息子の背中が少し遠くに見える
うちの息子は7歳になる。
この数日、ちょっとした息子の仕草や言動に「あれ?」と思うことが何度かあった。
わたしが頭の中で認識しているこの子と、実際に目の前にいる現実の息子との間に、ちょっとしたズレを感じたのだ。
もしかして、わたしが思っているより、息子は何歩か先を行っているんじゃないかー。
いま、我が家はアメリカからカリブ海へ家族旅行に来ている。
ここに滞在している間、いつも朝ごはんを食べながら、その日のスケジュールをみんなで決めることにしている。今朝も、いつものように今日はなにをしようかと話し合った。
「午前中は海で泳いで、午後からはプールにしよう」
わたしが大枠を提案した。すると、娘がすかさず、
「わたしは海に入りたくない」
続いて夫が、
「僕はプールサイドの日陰で本を読みたいな。もう陽を浴び過ぎているから」
この流れで息子へ目を向けると、息子は、
「海で泳ぎたくはないけど、砂のお城を作りたい」
と言った。
わたしはというと、海の一択だった。せっかくハワイにも沖縄にも負けないエメラルドグリーンの海に来ているんだから、海を満喫したい。プールなら、アメリカでいつでも行ける。
なので、みんなの意向を踏まえ、今日の午前中は、夫と娘がプールへ、わたしと息子が海へ、二手に分かれて行動することにした。
朝ごはんを済ませ、部屋に戻った。水着に着替えていると、息子がちょっと気まずそうにしながら近づいてきた。
「ねえママ、本当は僕も海じゃなくてプールに行きたい」
わたしが、「え、そうなの?」と聞き返すと、
「ママが海に行きたそうだったから一緒にいってあげようと思ったんだけど…」
息子は言い淀み、言葉を続ける代わりに、優しくハグをしてくれた。
なにこの優しい気遣い。わたしがビーチ派でひとりぼっちにならないように、自分の思いを抑えてこっち側に来てくれたの。それから、やっぱり本当はプールがいいと伝えに来たときの、わたしの心のインパクトを和らげるためのハグ。
いつの間にこんな対応を覚えたんだろう。
それからもう一つ。
リゾートの中で、レストランへ行ったり、プールへ行ったり、ビーチへ向かったりする時に、家族4人で歩いて移動する機会が日に何回もある。

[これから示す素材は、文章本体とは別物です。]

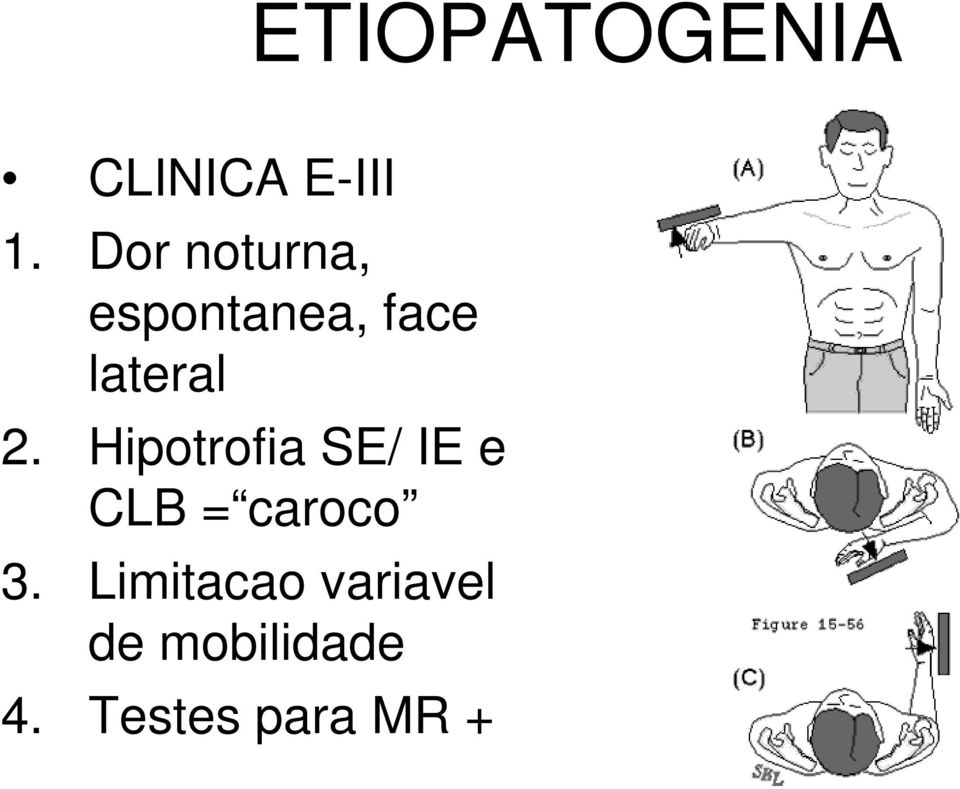 Hipotrofia SE/ IE e CLB = caroco 3.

そういうとき、わたしは息子か娘のどちらか近くにいる方と手を繋いで歩く。
わたしが息子の手をさりげなく取ると、一旦は握り返してくれるんだけど、少し歩くとさらっとすり抜けるように手を離す。このリゾートに来てから、そんなことが何度かあった。パパともママとも並ばずに、一人で少し離れて歩く。

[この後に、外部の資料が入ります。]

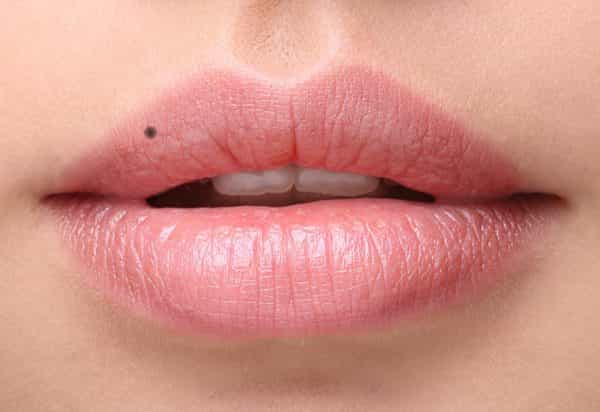 The Ultimate Guide To The Meaning Of Moles On Your Face (Accurate) - Wisdom Tavern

この傾向は、もしかしたら以前から少しずつ始まっていたのかもしれない。でも、今回の旅の中で初めて、あっと目に留まった。前は自分から手を握りにきていたのに、考えてみれば最近はそんなことも減ったような気がする。
潮がだんだんと満ちるように、月がちょっとずつ円くなっていくように、子どもって毎日少しずつ変化していっている。ずっと一緒にいるからこそ、その変化を見逃してしまいそうになる。
だから、わたしは目を凝らして、子どもたちのいまを切り取っている。